# Gauging Interest **CLOSED**



## mrplace (Aug 4, 2006)

I have a good source for Casting Resin, and was thinking of buying 55 gallon drums. I may be able to pick these up myself and save shipping to me. 

Question: Would anyone be interested in casting resin, catalyst, and maybe pigments?

The resin alone would be between $22-$23 a gallon (+ S&H from me to you), maybe a little more if the catalyst is included. That figure includes buying 1 gallon containers and I already have a bung pump[8D].


----------



## PenWorks (Aug 4, 2006)

I would be good for 2-3 gallons


----------



## smoky10 (Aug 4, 2006)

I might take a couple gallon and pigments


----------



## ed4copies (Aug 4, 2006)

I'd take half in a heartbeat, only one MAJOR problem.  There seems to be some restriction on shipping more than 5 gallons at a time.  Best do a little checking, but if you can ship, let me know-Dawn has been restricted to 4 gals at a time and it comes VERY regularly!!!!!!!!!!!!!


----------



## Dario (Aug 4, 2006)

I'll be interested too []

EDIT: Interested in casting resin, catalyst, and pigments.


----------



## penhead (Aug 4, 2006)

I have been wanting to try my hand with casting...
put me down for interested 
[]


----------



## OKLAHOMAN (Aug 4, 2006)

2gal and pigments


----------



## DWK5150 (Aug 4, 2006)

> _Originally posted by ed4copies_
> <br />I'd take half in a heartbeat, only one MAJOR problem.  There seems to be some restriction on shipping more than 5 gallons at a time.  Best do a little checking, but if you can ship, let me know-Dawn has been restricted to 4 gals at a time and it comes VERY regularly!!!!!!!!!!!!!

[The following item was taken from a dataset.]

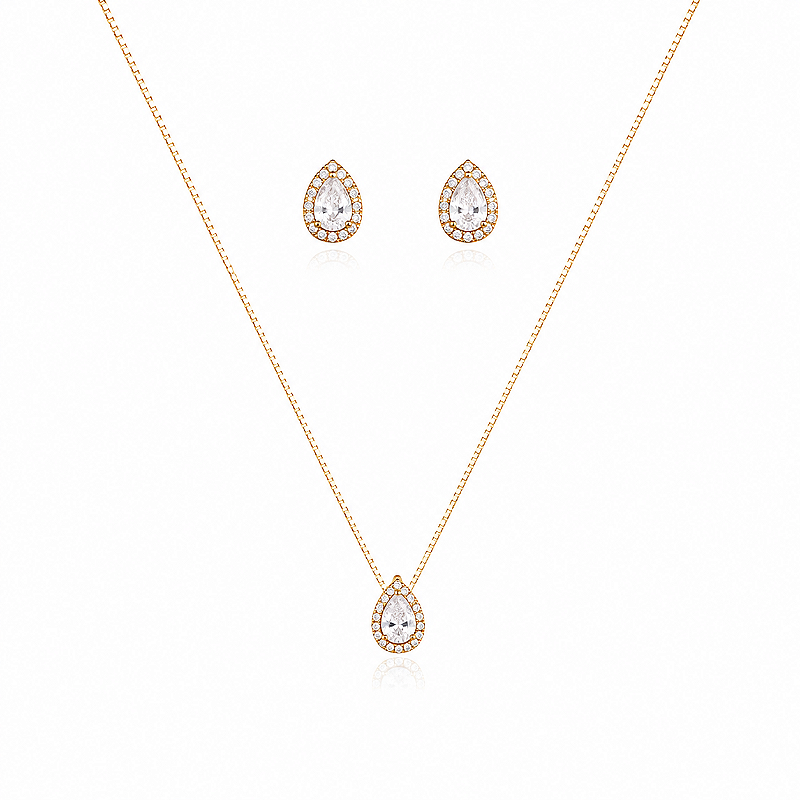 Conjunto gota folheado a ouro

Ed if you truck freight it you can get more than 4 gallons at time but can get expensive doing that.


----------



## Jerryconn (Aug 4, 2006)

I would be interested also, Resin, catalyst and pigments


----------



## dfurlano (Aug 4, 2006)

I'll take some


----------



## smitty (Aug 4, 2006)

I'm interested, been wanting to give this a try.  Resin, Catalyst and Pigments.


----------



## melogic (Aug 4, 2006)

I may be interested in some myself, now that I have my pressure pot from HF. []
I would be interested in some Resin, Catalyst and Pigments.


----------



## alamocdc (Aug 4, 2006)

I'd be interested in a few gallons.


----------



## bca1313 (Aug 4, 2006)

I would be interested in a few gallons, pigments and catalysts


----------



## cozee (Aug 4, 2006)

I'd take a couple gals, along with some cat and and possibly pigs![8D]


----------



## saftrep (Aug 5, 2006)

Interested in casting resin, catalyst, and pigments.


----------



## Bob A (Aug 5, 2006)

Yes, very interested in resin and pigments.


----------



## Pipes (Aug 5, 2006)

I would be interested hell I do everything else ! Might as well have at it LOL....[8D]

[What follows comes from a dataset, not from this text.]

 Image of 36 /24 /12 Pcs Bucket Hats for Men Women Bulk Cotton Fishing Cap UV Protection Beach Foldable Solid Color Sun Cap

http://affordablepipes.com/


----------



## EasyGreasy (Aug 5, 2006)

Yessir pig and cal for me too. I would be interested. 

Thanks


----------



## mrplace (Aug 5, 2006)

I am going to get the skinny on HAZMAT shipping Monday. Once I have some hard numbers, I will post them here. From what I have read it looks like it may be a flat fee.

Also, anyone in the DFW area could pick up if they wanted.


----------



## Dario (Aug 5, 2006)

I'll be visiting/driving to DFW on the 20th...if I can get some then, that will be great. []


----------



## eastern47 (Aug 6, 2006)

Would also be interested in 3-4 gal. of resin + cat.


----------



## penhead (Aug 9, 2006)

Any update news on this..?
Still interested here []



> _Originally posted by mrplace_
> <br />I am going to get the skinny on HAZMAT shipping Monday. Once I have some hard numbers, I will post them here. From what I have read it looks like it may be a flat fee.
> 
> Also, anyone in the DFW area could pick up if they wanted.


----------



## mrplace (Aug 10, 2006)

Sorry, I am waiting on some pricing from someone local too. I am trying to keep the cost under $25, if it is more than that , it really isnt very economical.

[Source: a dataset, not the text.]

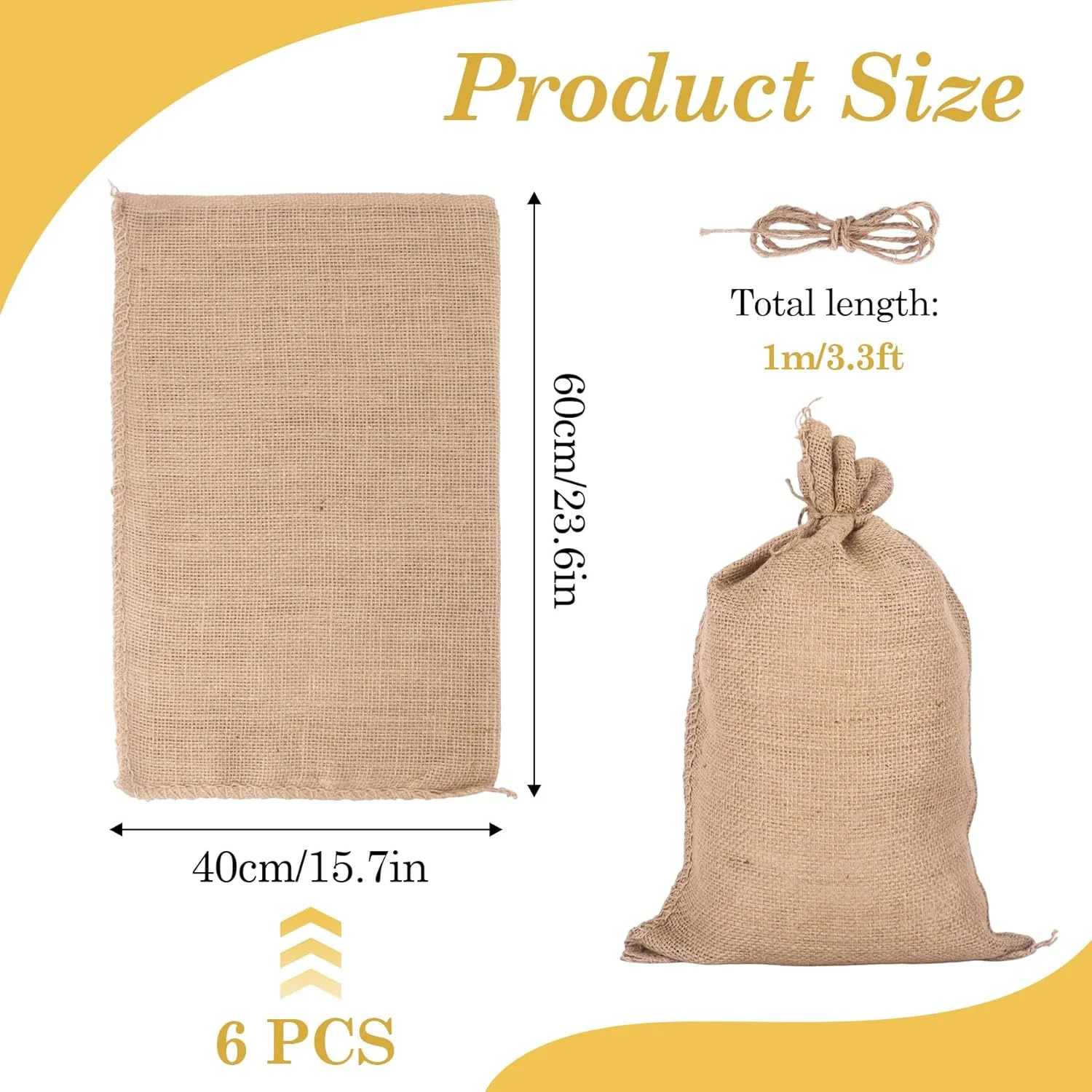 بسته 6 عددی کیسه گونی طبیعی Klmnop با بند کشی، 40x60 سانتی متر، کیسه های سیب زمینی جوت قابل استفاده مجدد با طناب برای سیب زمینی، پیاز، سبزیجات، گیاهان و بسته بندی هدیه بزرگ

Will post the details as I get them myself.


----------



## penhead (Aug 10, 2006)

Understand...and thanks..! []





> _Originally posted by mrplace_
> <br />Sorry, I am waiting on some pricing from someone local too. I am trying to keep the cost under $25, if it is more than that , it really isnt very economical.
> 
> Will post the details as I get them myself.


----------



## crashgtr (Aug 11, 2006)

I would like some res, cas and pig too.

Liz


----------



## ken69912001 (Aug 12, 2006)

I will take some resin and pigs also.


----------



## MDWine (Aug 13, 2006)

I don't want to cause friction, but take a look at http://mrfiberglass.com/.  The poly resin gallon plus cat is only 28.60 for [Silmar 41 Clear Casting PE Resin].  Our shipping was a little more because we ordered 2 gallons and a bunch of colors.  There are restrictions on shipping, has to be ground.  

We ordered two gallons, but he sent the hardener for both gallons in one container.  He didn't know the one order was for two people.  Make sure you specify any details like that when you order.

Worth a look...

Good luck, above all... HAVE FUN!


----------



## mrplace (Aug 13, 2006)

Looks like Slimar 41 is $29.15. 

But like I pointed out, if it cant be kept under $25 it is not really worth it.


----------



## jwoodwright (Aug 13, 2006)

Ground only leaves out the Alaska and Hawaii Group.[:I]


----------



## alamocdc (Aug 31, 2006)

Any news on this front yet, or was it a bust?


----------



## mrplace (Aug 31, 2006)

I got some info, not very promising. The sales rep I am speaking to may have a better plan than mine. 

His idea is that if we can meet a certain volume he will give us an overall price break based on 55 gallon drums, but adding the costs for 1 gallon cans.

I am going to close this topic, when I get more info I will post to a new discussion.


----------